Disadvantages of Using This Accounting Technique

The disadvantages associated with using this accounting technique stem mainly

  1. No Special Rules – The pooling or interest method doesn’t have any special tax rules, which makes it less advantageous because the legal structure of the corporation must be compatible with general accounting standards.
  2. No Special Tax Benefits – The pooling or interest method produces no special tax benefits, which is another reason to use it only if there are no other alternatives.
  3. Social Security Taxes May Apply – Employees who work for closely held corporations cannot take advantage of the exclusion provided by the social security taxes because these types of corporations are not allowed to write off wages as business expenses under this type of accounting technique.
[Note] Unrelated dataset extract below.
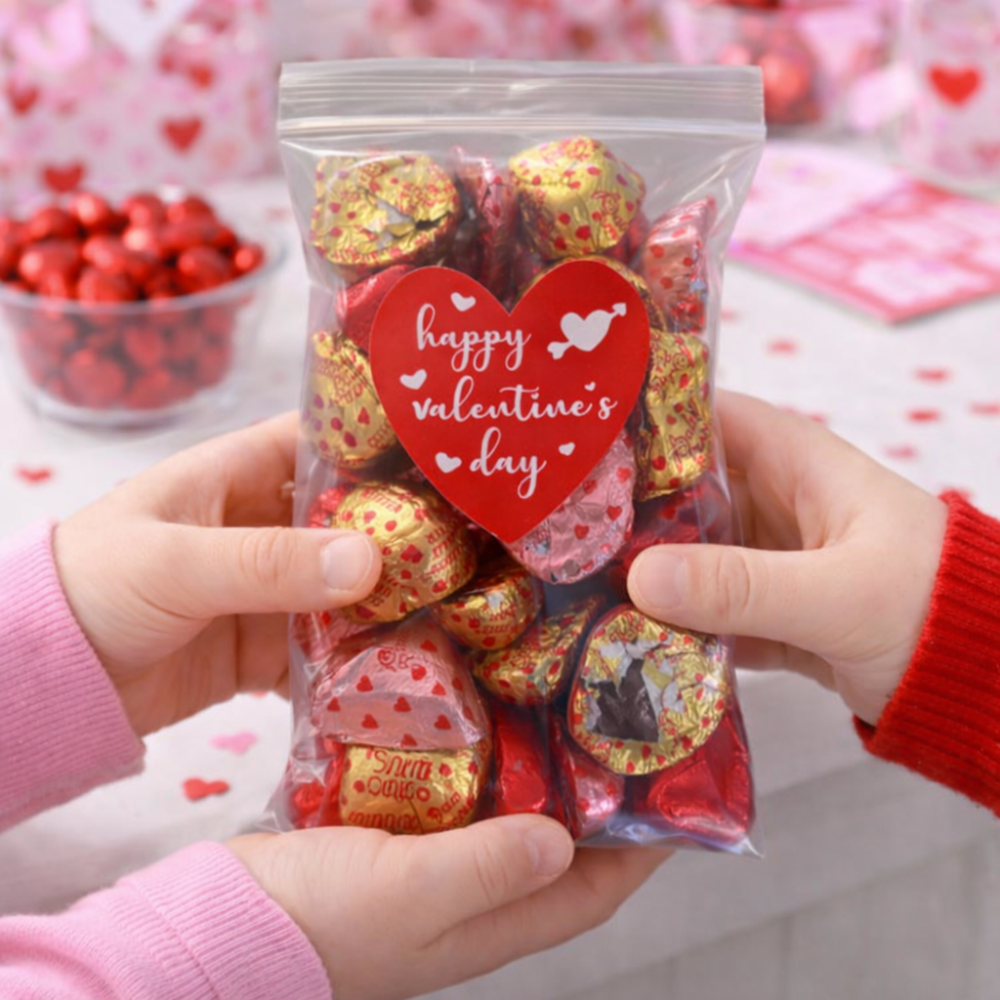 30 Count Valentine Milk Chocolate Hearts & Lips Foil Wrapped Party Candy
Examples of When You Should Use the Pooling or Interest Method

As mentioned, the pooling or interest method is advantageous for closely held corporations in which the net income and loss are distributed evenly among shareholders.

This option can also be used when a corporation has accumulated undistributed income, because this type of accounting doesn’t require that it distribute the earnings annually.

In addition, it’s best to use the pooling or interest method when a corporation has only one shareholder.

The Bottom Line

The pooling or interests method is a method of accounting for closely held corporations in which the income and expenses are combined in a single account.

The corporation is taxed on this amount, and then each shareholder takes an individual share of the income or loss.

There are advantages to using the pooling or interest method because it’s simple, reduces paperwork, and is less expensive.

However there are also disadvantages associated with this accounting technique including tax rules that don’t apply, no special tax benefits of use, and social security taxes may apply. So you should only consider using this method if there are no other alternatives.

The pooling or interest method is a method of accounting for closely held corporations in which the income and expenses are combined in a single account.
The pooling or interest method is called such because the net income and loss are combined in a single account and then distributed to shareholders, entailing that it's done by way of interests (or shares), not expenditures.
This method entails that all corporations; pay federal income tax on the aggregate net income or loss for that year.
Advantages of using the pooling or interest method are simplicity, minimal paperwork, and less expense.
Disadvantages of using this method are that there are no special rules, no special tax benefits, and social security taxes may apply.

True Tamplin, BSc, CEPF®

About the Author
True Tamplin, BSc, CEPF®

True Tamplin is a published author, public speaker, CEO of UpDigital, and founder of Finance Strategists.

True is a Certified Educator in Personal Finance (CEPF®), author of The Handy Financial Ratios Guide, a member of the Society for Advancing Business Editing and Writing, contributes to his financial education site, Finance Strategists, and has spoken to various financial communities such as the CFA Institute, as well as university students like his Alma mater, Biola University, where he received a bachelor of science in business and data analytics.